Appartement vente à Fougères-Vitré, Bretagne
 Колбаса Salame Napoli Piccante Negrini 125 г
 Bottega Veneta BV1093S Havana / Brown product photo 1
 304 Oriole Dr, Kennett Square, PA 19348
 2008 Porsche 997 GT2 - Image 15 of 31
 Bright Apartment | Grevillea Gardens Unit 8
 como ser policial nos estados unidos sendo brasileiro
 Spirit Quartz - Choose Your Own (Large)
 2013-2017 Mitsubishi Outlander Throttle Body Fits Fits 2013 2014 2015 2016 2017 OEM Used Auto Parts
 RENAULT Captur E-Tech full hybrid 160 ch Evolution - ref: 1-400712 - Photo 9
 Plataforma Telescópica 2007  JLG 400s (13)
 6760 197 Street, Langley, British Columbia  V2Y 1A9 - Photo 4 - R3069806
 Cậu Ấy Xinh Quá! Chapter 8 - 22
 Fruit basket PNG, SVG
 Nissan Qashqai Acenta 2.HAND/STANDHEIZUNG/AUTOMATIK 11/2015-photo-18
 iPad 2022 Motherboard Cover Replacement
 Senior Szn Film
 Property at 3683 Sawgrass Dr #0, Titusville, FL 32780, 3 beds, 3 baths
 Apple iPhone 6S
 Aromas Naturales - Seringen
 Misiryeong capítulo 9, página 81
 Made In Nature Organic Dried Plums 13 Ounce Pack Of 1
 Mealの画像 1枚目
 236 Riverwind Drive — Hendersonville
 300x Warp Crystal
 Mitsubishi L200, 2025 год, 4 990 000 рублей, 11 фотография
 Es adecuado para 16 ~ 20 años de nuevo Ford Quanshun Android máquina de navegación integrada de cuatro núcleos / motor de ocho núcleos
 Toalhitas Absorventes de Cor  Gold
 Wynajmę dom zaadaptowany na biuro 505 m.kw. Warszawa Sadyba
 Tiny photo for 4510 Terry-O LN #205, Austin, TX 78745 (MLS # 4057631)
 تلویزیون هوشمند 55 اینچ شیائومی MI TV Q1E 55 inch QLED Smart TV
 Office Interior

○ ○ ○ ○ ○ ○ ○

WHAT THE TASK REQUIRES: Set down exactly the lines from the start of the records to the line with "Nissan Qashqai Acenta". Include that line, and add nothing more.

EXERCISE SOLUTION:
Appartement vente à Fougères-Vitré, Bretagne
 Колбаса Salame Napoli Piccante Negrini 125 г
 Bottega Veneta BV1093S Havana / Brown product photo 1
 304 Oriole Dr, Kennett Square, PA 19348
 2008 Porsche 997 GT2 - Image 15 of 31
 Bright Apartment | Grevillea Gardens Unit 8
 como ser policial nos estados unidos sendo brasileiro
 Spirit Quartz - Choose Your Own (Large)
 2013-2017 Mitsubishi Outlander Throttle Body Fits Fits 2013 2014 2015 2016 2017 OEM Used Auto Parts
 RENAULT Captur E-Tech full hybrid 160 ch Evolution - ref: 1-400712 - Photo 9
 Plataforma Telescópica 2007  JLG 400s (13)
 6760 197 Street, Langley, British Columbia  V2Y 1A9 - Photo 4 - R3069806
 Cậu Ấy Xinh Quá! Chapter 8 - 22
 Fruit basket PNG, SVG
 Nissan Qashqai Acenta 2.HAND/STANDHEIZUNG/AUTOMATIK 11/2015-photo-18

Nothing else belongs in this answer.